▶ _Collected data_
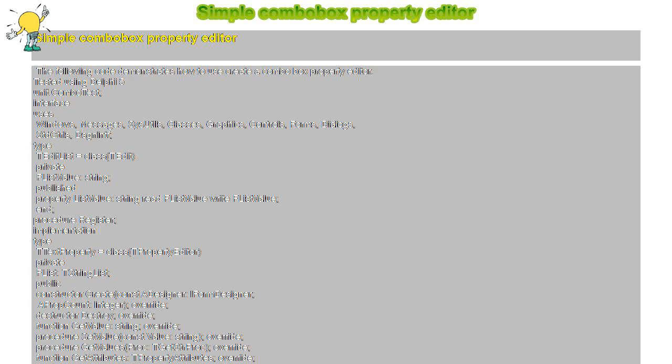Function TTextProperty.GetAttributes TPropertyAttributes, begin result equals paValueList, paSortList, end.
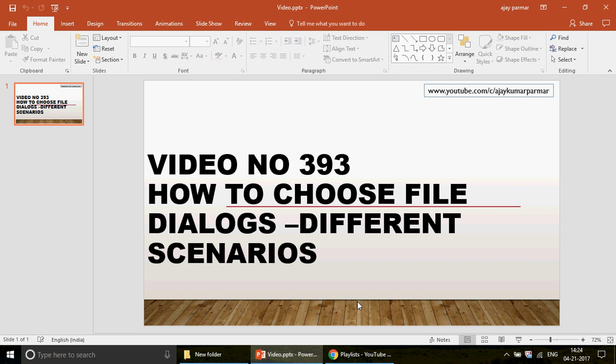Hi guys, very good afternoon to all of you. Welcome to video number 393. My name is Ajay. In this video we are going to learn a couple of very important things about file dialogs - how to get them open and the different scenarios where you can change your VBA programming so that instead of having five pop-ups at different times, you can just have one pop-up and pull out five different files.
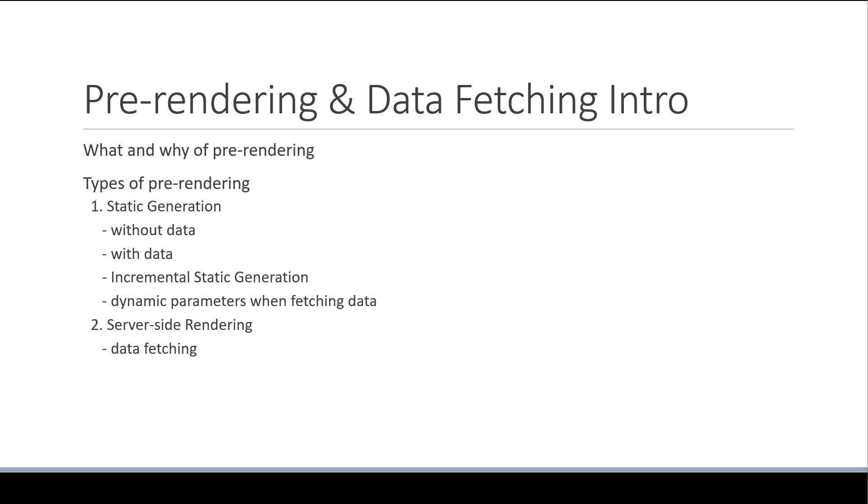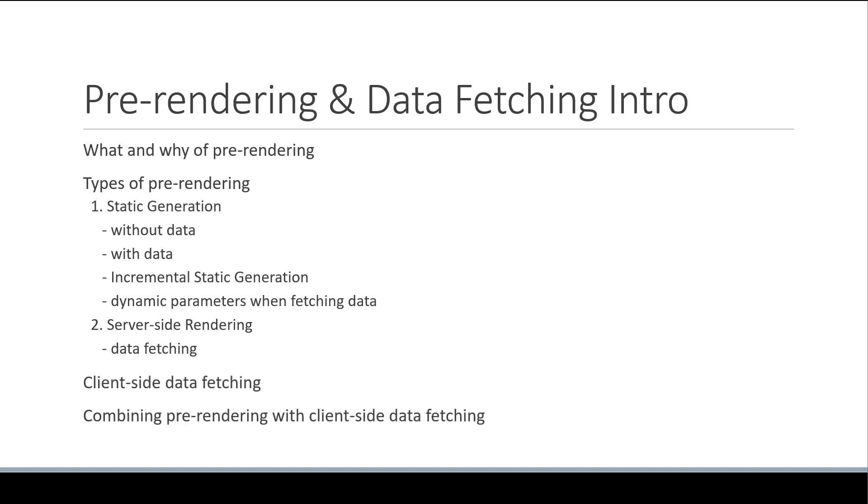We will wind up this important section with client-side data fetching and learning how to combine pre-rendering with client-side data fetching.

▶ _Activity_
Set down the material once more, exactly, with the pictures omitted.

▶ _Written answer_
Function TTextProperty.GetAttributes TPropertyAttributes, begin result equals paValueList, paSortList, end.
Hi guys, very good afternoon to all of you. Welcome to video number 393. My name is Ajay. In this video we are going to learn a couple of very important things about file dialogs - how to get them open and the different scenarios where you can change your VBA programming so that instead of having five pop-ups at different times, you can just have one pop-up and pull out five different files.
We will wind up this important section with client-side data fetching and learning how to combine pre-rendering with client-side data fetching.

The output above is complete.